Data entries
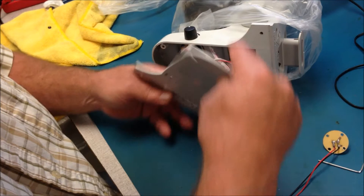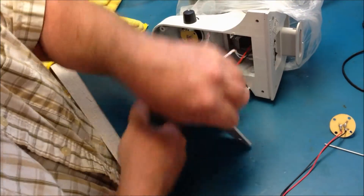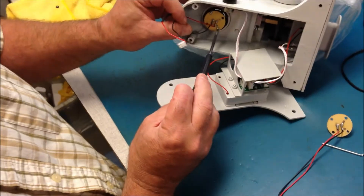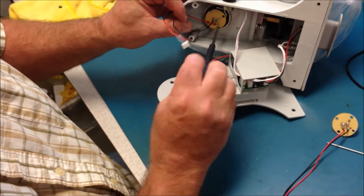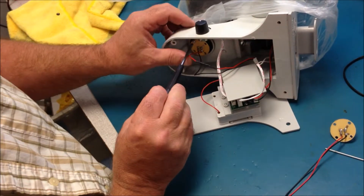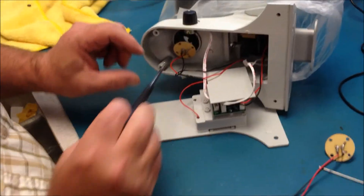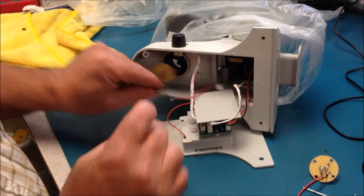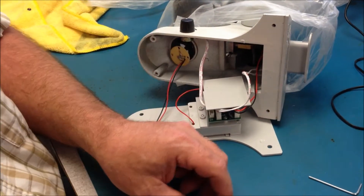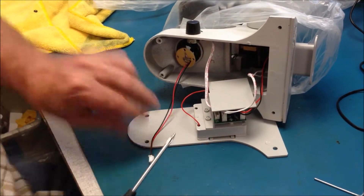Open the base of the microscope and disconnect the power board wire connected. You will have two screws that will need to be removed. Now the old light board can be removed easily and you can replace it with a new light board.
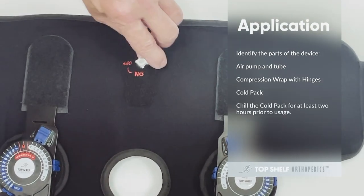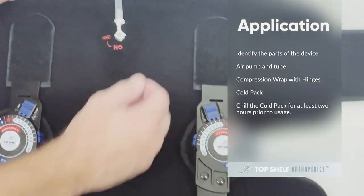Identify the parts of the device: air pump and tube, compression wrap with hinges, cold pack.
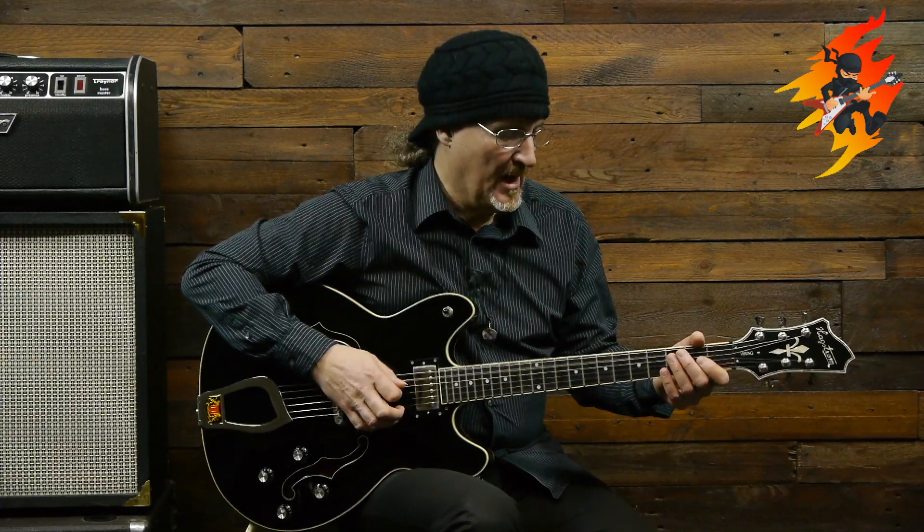Now we're going to add a few things — add a little spice to it. One thing we're going to add is an extra A bass note. Instead of just going A, D, C, we're going to go A, D, A, C, and then back to the A. So we have one extra A.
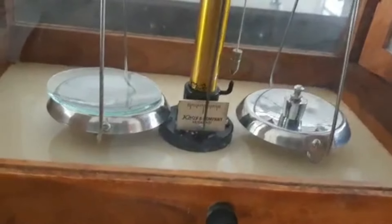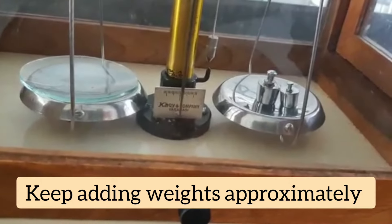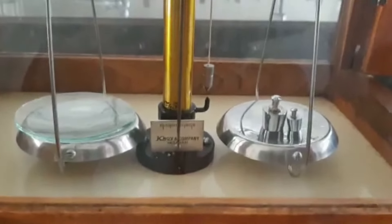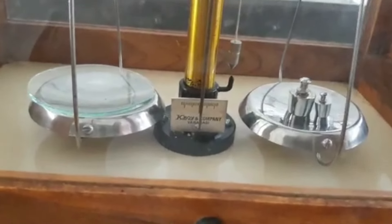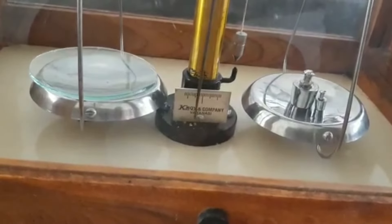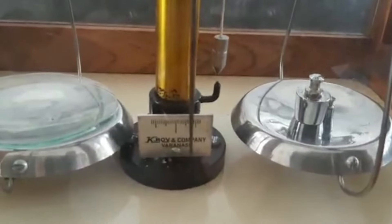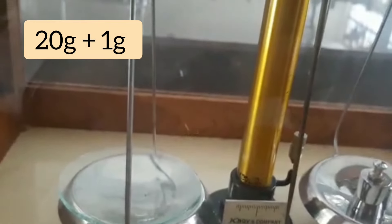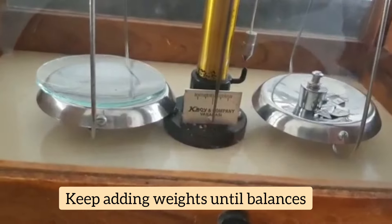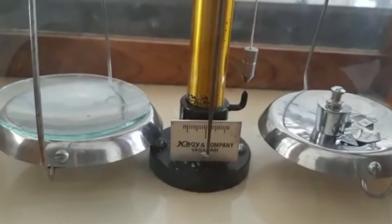The right side is still lighter, so I add 10 grams more — now it tips too far, so I add 5 grams, but that is still too much. I remove it and try 2 grams — that is also less, so I add a 1 gram weight. Now I make the final adjustment using milligram weights, adding 500 milligrams. The pointer is no longer moving, which means the balance has been balanced and the weight of the watch glass is determined.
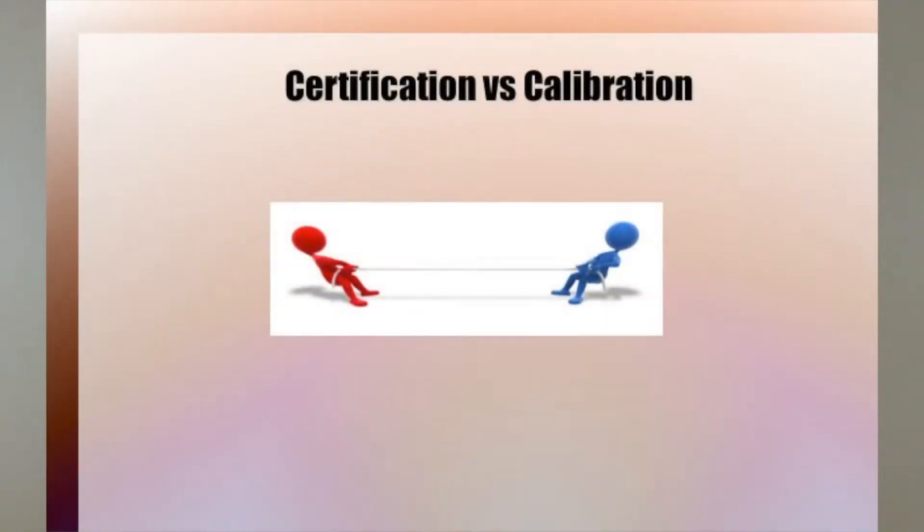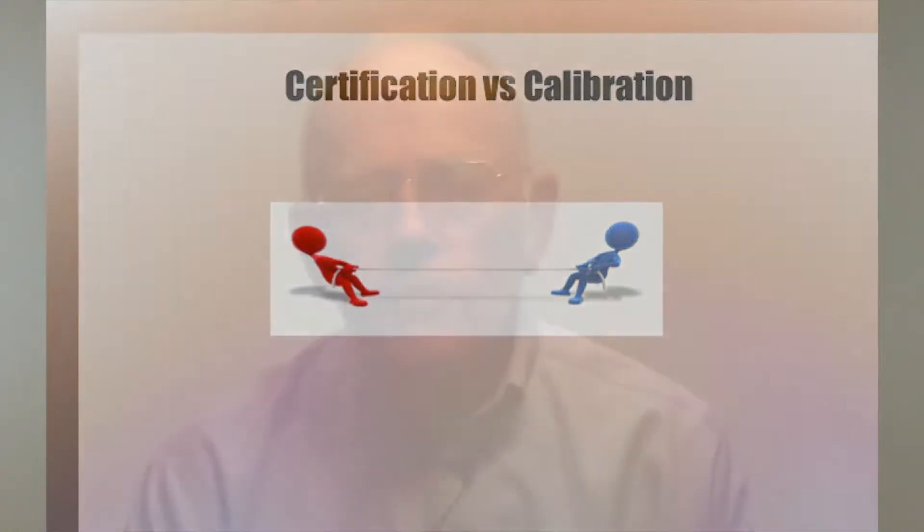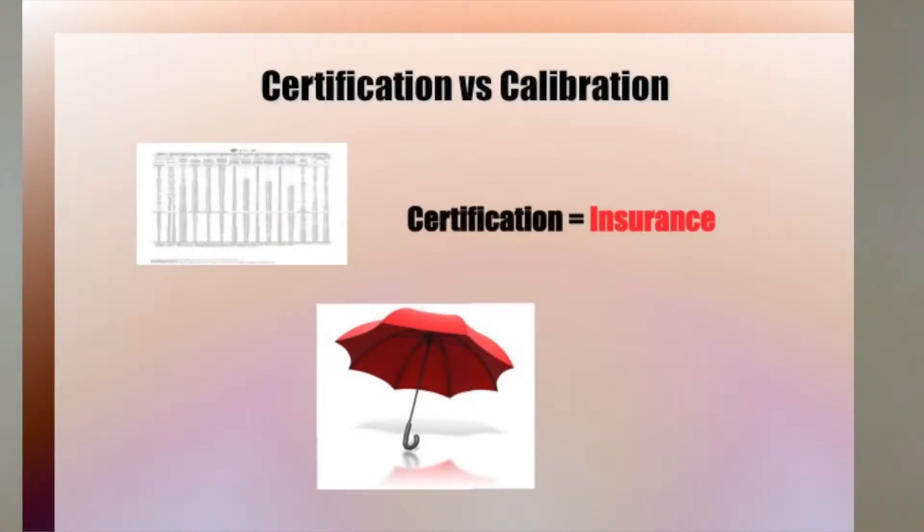To begin with, a word about sieve certification, which is different from calibration. Sieve certification is an insurance policy — the assurance that a sieve and its mesh are made in conformance with standards, usually established by ASTM and ISO.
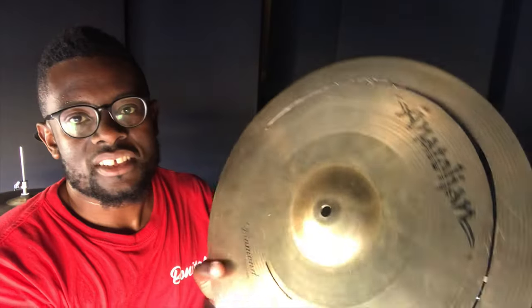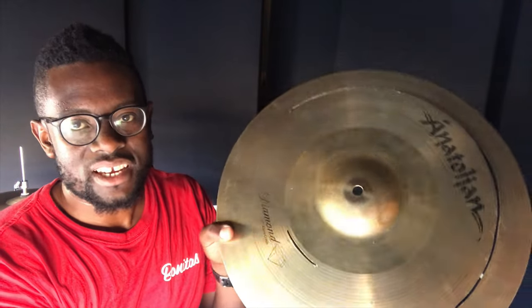Let me quickly show you this one. This is one of the cymbals that I fixed. It looks nasty, but you're going to be amazed by the sound.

- **Task description**
Give back every entry verbatim. No pictures belong in the copy.

- **Output of the task**
Open the base of the microscope and disconnect the power board wire connected. You will have two screws that will need to be removed. Now the old light board can be removed easily and you can replace it with a new light board.
Identify the parts of the device: air pump and tube, compression wrap with hinges, cold pack.
Now we're going to add a few things — add a little spice to it. One thing we're going to add is an extra A bass note. Instead of just going A, D, C, we're going to go A, D, A, C, and then back to the A. So we have one extra A.
The right side is still lighter, so I add 10 grams more — now it tips too far, so I add 5 grams, but that is still too much. I remove it and try 2 grams — that is also less, so I add a 1 gram weight. Now I make the final adjustment using milligram weights, adding 500 milligrams. The pointer is no longer moving, which means the balance has been balanced and the weight of the watch glass is determined.
To begin with, a word about sieve certification, which is different from calibration. Sieve certification is an insurance policy — the assurance that a sieve and its mesh are made in conformance with standards, usually established by ASTM and ISO.
Let me quickly show you this one. This is one of the cymbals that I fixed. It looks nasty, but you're going to be amazed by the sound.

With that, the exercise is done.